**What to work on:** Set out exactly every line of the entries below, starting at the line that holds "Building Photo - 1235 Wynden Oaks Garden Dr" and stopping after the line that holds "Photo of 117".

**Input data:**
+ + +
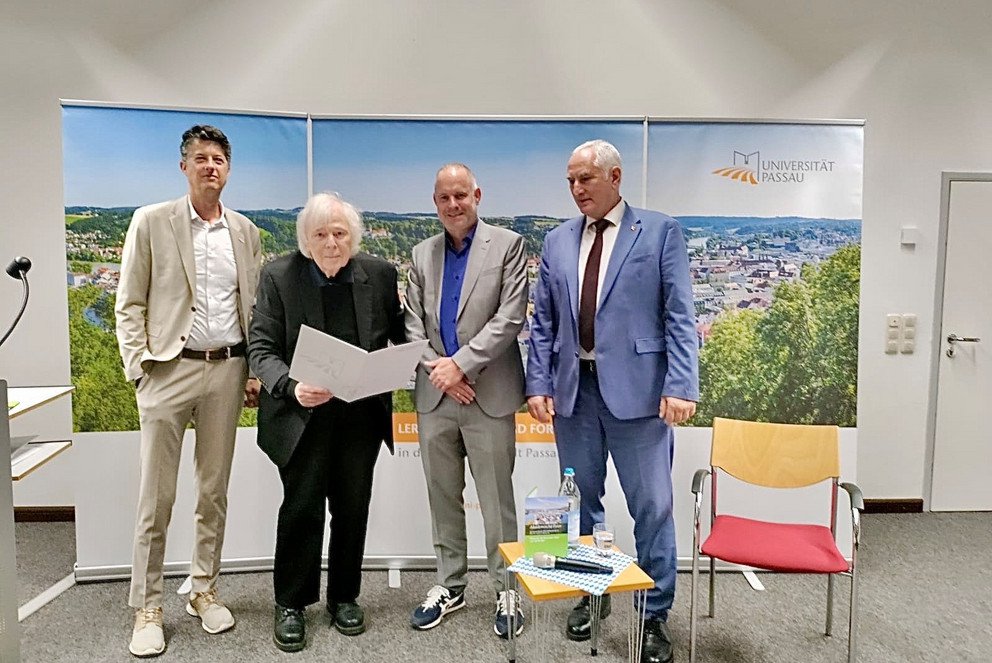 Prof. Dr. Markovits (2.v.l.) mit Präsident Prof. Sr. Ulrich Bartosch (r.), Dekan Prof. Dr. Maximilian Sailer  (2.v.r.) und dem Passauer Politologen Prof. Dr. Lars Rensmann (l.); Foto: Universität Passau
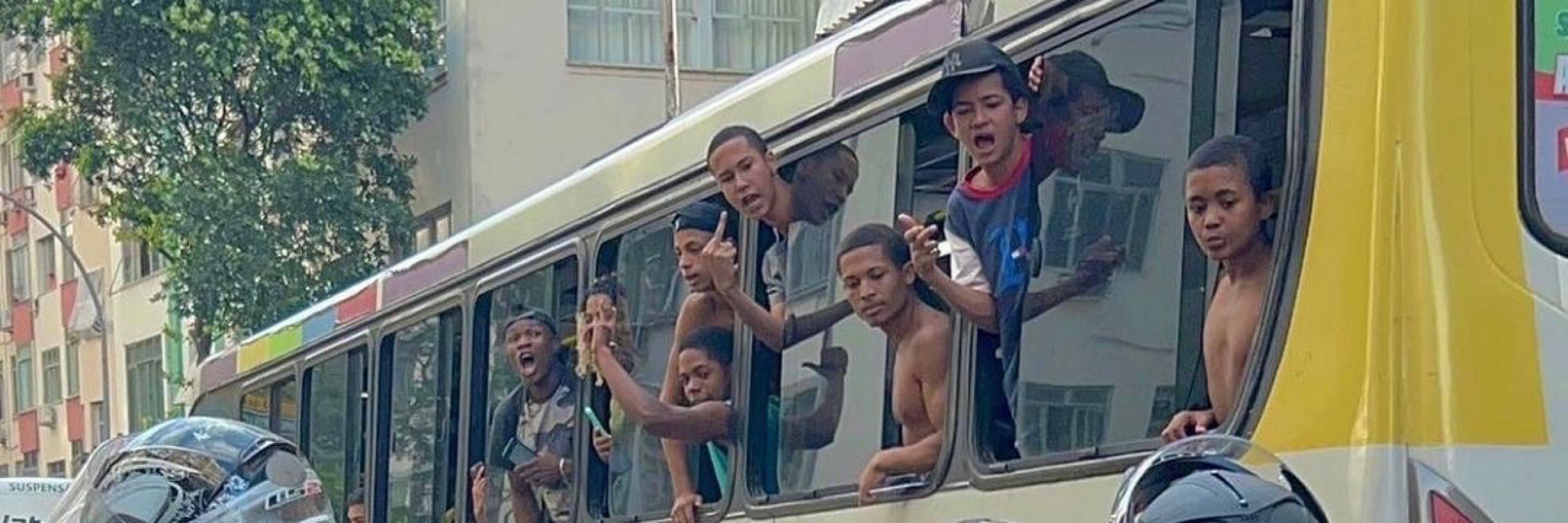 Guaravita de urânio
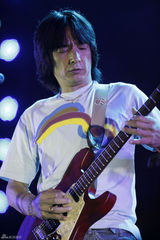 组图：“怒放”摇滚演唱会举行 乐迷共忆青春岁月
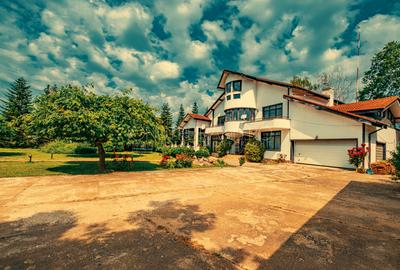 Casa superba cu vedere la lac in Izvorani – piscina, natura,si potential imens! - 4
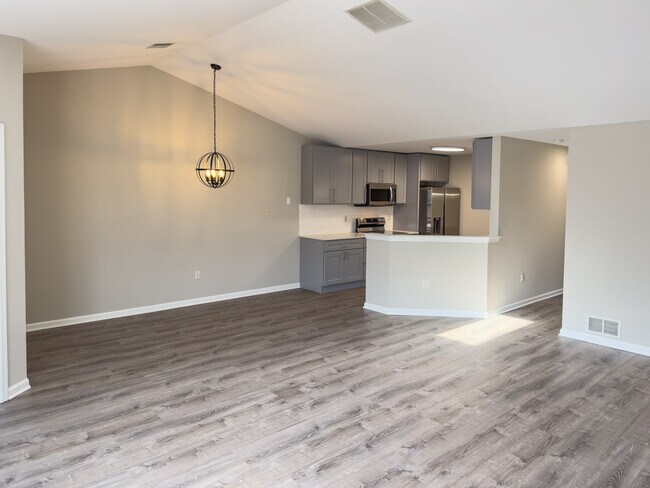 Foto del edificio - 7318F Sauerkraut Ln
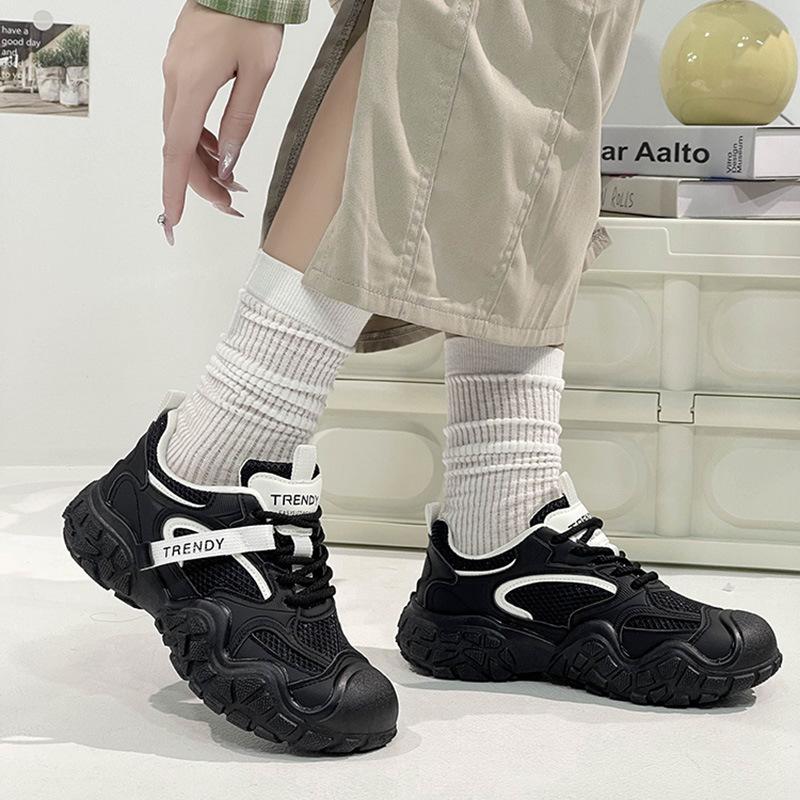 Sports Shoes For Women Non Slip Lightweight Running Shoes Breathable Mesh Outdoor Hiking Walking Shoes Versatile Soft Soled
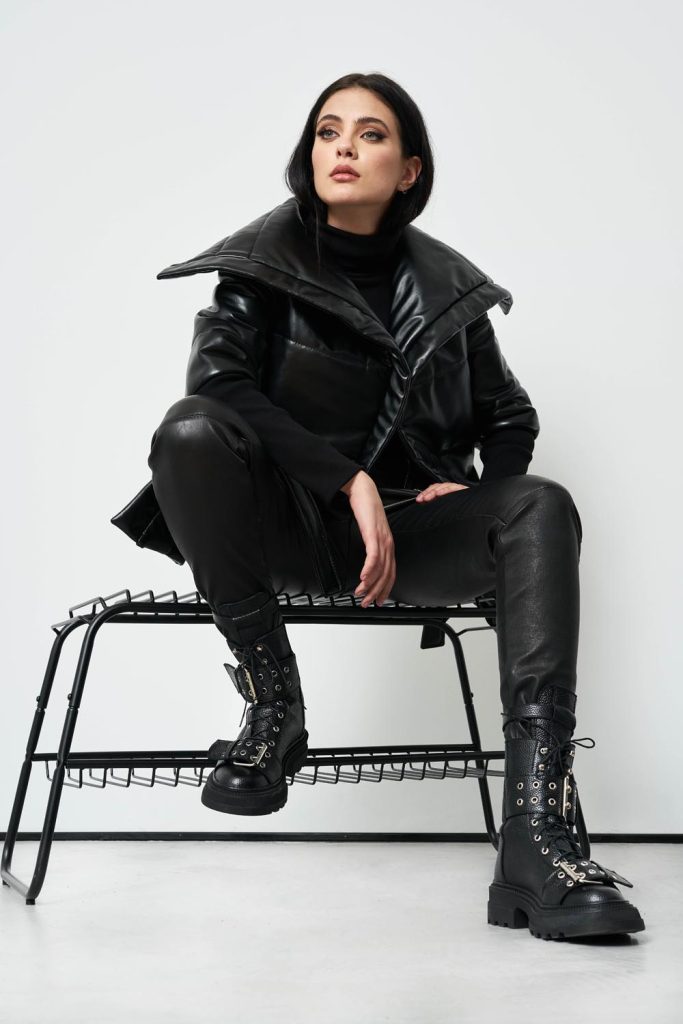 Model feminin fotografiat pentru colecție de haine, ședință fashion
+ + +
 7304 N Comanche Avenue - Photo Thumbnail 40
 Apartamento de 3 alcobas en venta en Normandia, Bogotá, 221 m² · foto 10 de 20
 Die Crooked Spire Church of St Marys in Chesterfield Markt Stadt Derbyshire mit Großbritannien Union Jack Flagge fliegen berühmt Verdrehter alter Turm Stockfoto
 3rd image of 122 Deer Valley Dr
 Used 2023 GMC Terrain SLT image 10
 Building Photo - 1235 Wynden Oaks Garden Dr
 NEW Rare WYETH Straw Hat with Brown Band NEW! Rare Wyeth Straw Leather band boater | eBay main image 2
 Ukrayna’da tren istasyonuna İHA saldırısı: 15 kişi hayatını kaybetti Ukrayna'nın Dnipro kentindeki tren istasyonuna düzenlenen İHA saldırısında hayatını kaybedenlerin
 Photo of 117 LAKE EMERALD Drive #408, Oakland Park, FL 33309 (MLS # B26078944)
+ + +
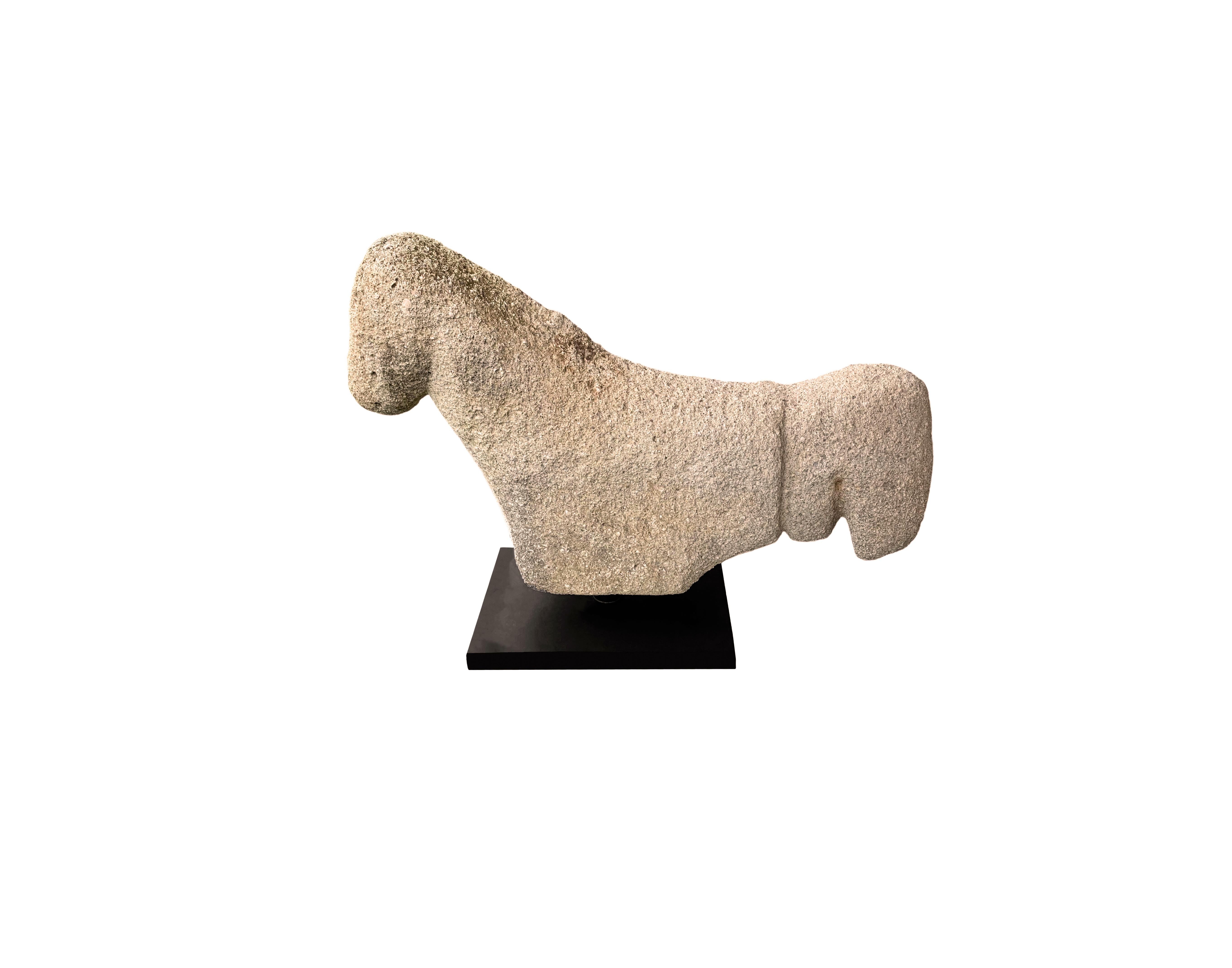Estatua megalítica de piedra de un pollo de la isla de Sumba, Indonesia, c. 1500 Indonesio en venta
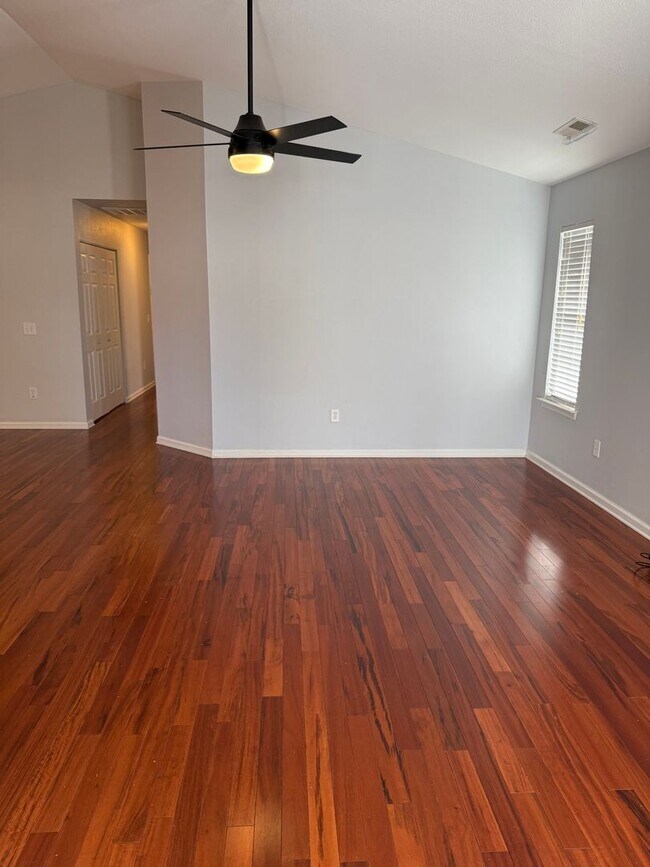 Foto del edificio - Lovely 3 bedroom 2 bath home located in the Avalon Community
+ + +
**Finished task:**
 Building Photo - 1235 Wynden Oaks Garden Dr
 NEW Rare WYETH Straw Hat with Brown Band NEW! Rare Wyeth Straw Leather band boater | eBay main image 2
 Ukrayna’da tren istasyonuna İHA saldırısı: 15 kişi hayatını kaybetti Ukrayna'nın Dnipro kentindeki tren istasyonuna düzenlenen İHA saldırısında hayatını kaybedenlerin
 Photo of 117 LAKE EMERALD Drive #408, Oakland Park, FL 33309 (MLS # B26078944)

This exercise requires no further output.